Abstract

Aspirin is one hundred years old, though its use has clearly evolved during the last 25 years. Identifying its action mechanism has allowed us to better understand the antithrombotic impact. Prostaglandin H synthetase (PGHS) is a bifunctional enzyme with cyclooxygenase and peroxydase activities. There are two isoforms: constitutive PGHS-1 and inducible PGHS-2. Aspirin irreversive acetylates the platelet cyclooxygenase involved in the formation of thromboxane A2, a powerful proaggregating agent and vasoconstrictor.
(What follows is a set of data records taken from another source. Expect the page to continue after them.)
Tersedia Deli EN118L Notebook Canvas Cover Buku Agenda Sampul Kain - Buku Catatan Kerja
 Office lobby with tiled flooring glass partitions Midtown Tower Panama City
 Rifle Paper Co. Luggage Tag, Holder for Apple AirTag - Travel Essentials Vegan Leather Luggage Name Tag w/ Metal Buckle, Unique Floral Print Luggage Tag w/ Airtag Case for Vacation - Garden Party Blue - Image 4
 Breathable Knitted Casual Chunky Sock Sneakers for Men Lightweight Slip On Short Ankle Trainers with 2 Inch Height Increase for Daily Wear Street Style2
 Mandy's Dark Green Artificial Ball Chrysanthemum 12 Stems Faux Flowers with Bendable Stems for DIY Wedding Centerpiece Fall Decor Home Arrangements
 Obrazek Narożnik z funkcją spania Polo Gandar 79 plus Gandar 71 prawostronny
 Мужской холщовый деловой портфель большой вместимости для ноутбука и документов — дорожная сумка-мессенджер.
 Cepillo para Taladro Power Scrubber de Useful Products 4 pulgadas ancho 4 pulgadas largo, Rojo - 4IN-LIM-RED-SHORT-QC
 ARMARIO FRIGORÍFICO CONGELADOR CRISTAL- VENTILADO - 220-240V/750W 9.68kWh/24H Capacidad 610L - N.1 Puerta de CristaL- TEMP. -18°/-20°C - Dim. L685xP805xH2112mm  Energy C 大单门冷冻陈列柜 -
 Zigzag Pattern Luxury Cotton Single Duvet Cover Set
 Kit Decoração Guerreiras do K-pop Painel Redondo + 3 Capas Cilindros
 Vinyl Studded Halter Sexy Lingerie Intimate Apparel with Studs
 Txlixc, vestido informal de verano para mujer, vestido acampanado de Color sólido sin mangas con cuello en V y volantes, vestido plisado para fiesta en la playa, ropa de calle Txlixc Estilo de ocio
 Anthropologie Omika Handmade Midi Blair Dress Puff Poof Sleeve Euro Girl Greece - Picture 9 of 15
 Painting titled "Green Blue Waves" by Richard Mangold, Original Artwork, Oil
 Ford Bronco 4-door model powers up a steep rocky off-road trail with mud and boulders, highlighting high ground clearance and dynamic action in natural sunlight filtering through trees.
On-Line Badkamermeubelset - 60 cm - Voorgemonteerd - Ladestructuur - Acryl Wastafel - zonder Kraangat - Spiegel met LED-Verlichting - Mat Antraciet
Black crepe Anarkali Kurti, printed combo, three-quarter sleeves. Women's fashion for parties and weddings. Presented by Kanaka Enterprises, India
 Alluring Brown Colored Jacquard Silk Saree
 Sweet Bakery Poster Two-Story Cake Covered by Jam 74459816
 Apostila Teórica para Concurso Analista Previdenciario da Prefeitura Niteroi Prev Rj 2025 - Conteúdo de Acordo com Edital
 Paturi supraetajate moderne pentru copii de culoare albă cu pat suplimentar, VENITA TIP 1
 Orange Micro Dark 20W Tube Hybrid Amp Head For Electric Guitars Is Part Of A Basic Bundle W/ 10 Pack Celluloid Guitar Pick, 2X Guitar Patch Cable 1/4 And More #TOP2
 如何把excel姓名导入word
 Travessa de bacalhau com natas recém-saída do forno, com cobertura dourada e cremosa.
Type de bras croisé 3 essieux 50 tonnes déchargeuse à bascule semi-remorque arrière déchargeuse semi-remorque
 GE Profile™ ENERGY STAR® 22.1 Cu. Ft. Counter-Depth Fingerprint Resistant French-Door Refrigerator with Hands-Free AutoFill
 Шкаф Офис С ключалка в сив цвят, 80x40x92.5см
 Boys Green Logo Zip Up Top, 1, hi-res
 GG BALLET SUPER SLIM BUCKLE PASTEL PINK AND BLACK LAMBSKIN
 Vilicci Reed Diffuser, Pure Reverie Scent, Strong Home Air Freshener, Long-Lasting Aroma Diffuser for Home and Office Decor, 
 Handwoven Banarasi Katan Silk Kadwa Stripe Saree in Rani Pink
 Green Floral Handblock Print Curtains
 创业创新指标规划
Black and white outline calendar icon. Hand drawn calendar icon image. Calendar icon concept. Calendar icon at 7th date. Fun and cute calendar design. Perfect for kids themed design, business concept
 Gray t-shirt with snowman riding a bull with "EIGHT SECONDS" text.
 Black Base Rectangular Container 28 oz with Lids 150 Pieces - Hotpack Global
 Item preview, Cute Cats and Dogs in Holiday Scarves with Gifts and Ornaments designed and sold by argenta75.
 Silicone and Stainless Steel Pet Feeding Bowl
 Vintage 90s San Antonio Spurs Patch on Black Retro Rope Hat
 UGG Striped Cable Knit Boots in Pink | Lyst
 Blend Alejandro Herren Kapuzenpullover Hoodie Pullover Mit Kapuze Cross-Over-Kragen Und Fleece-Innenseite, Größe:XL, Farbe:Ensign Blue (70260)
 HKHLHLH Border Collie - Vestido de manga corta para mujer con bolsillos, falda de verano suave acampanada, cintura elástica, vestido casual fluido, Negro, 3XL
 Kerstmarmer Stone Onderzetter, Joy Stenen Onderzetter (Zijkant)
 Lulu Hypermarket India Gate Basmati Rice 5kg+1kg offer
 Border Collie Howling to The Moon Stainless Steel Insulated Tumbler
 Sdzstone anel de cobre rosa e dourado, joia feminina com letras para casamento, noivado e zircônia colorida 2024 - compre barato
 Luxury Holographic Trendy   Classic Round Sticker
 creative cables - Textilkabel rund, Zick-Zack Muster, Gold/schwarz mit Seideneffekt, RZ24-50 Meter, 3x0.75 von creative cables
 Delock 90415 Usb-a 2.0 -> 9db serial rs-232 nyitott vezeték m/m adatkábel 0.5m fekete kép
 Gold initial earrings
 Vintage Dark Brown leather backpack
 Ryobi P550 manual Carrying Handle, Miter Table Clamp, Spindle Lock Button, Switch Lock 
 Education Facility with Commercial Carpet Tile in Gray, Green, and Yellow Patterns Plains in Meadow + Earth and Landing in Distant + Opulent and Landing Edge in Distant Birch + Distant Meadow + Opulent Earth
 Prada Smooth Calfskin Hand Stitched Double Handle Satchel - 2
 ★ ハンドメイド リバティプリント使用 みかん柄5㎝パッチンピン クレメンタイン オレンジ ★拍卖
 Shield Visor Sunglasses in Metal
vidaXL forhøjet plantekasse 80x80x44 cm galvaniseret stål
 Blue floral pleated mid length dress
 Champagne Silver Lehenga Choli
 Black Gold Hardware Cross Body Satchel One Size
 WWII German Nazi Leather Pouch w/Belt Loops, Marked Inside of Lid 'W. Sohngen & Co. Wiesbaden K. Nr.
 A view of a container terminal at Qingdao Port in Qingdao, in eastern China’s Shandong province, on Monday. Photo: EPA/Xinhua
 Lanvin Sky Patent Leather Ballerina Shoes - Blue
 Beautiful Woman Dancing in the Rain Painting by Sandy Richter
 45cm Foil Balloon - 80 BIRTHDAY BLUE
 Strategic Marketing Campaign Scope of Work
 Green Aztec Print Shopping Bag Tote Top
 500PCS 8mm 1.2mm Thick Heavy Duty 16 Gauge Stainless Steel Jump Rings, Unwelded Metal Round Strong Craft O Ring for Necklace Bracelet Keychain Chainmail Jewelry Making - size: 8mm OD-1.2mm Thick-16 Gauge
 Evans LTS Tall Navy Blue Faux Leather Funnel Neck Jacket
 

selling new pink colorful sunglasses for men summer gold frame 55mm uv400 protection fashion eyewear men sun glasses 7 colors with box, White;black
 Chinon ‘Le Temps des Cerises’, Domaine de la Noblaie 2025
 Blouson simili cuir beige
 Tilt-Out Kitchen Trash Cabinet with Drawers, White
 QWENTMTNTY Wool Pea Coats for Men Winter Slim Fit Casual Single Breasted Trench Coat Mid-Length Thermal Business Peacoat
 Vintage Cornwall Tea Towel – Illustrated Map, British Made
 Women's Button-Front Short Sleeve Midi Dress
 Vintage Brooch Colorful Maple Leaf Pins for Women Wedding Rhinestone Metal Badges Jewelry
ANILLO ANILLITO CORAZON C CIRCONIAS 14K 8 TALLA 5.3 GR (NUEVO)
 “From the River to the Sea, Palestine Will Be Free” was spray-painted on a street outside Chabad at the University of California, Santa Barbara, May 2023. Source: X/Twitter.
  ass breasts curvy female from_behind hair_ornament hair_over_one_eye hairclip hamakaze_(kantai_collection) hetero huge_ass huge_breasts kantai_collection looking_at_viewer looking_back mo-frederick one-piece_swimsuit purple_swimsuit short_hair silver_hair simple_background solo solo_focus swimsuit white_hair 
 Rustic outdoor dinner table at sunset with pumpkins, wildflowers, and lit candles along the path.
More than 95% of inhibition of this synthesis takes place in two to three days using very weak doses of aspirin, on the order of 30 to 50 mg per day. Under some circumstances, this inhibition requires higher dosages. Certain clinical and biological circumstances could lead to a resistance to aspirin, making a readjustment of doses and sometimes complementary explorations necessary. The ISIS 2 study showed in an apparently irrefutable way the entry of aspirin into the antithrombotics arsenal, with a significant risk reduction of vascular death and recurrence of infarctus. Numerous studies have confirmed this efficacy. Consensus studies are based on information showing total coherence between the dose necessary to acetylate the enzyme to inhibit thromboxane A2 platelet production and the clinical antithrombotic effect. Aspirin seems to have a secure place, and it begins the third millennium in relative peace with new extra-platelet potentialities outside the framework of hemostasis and thrombosis.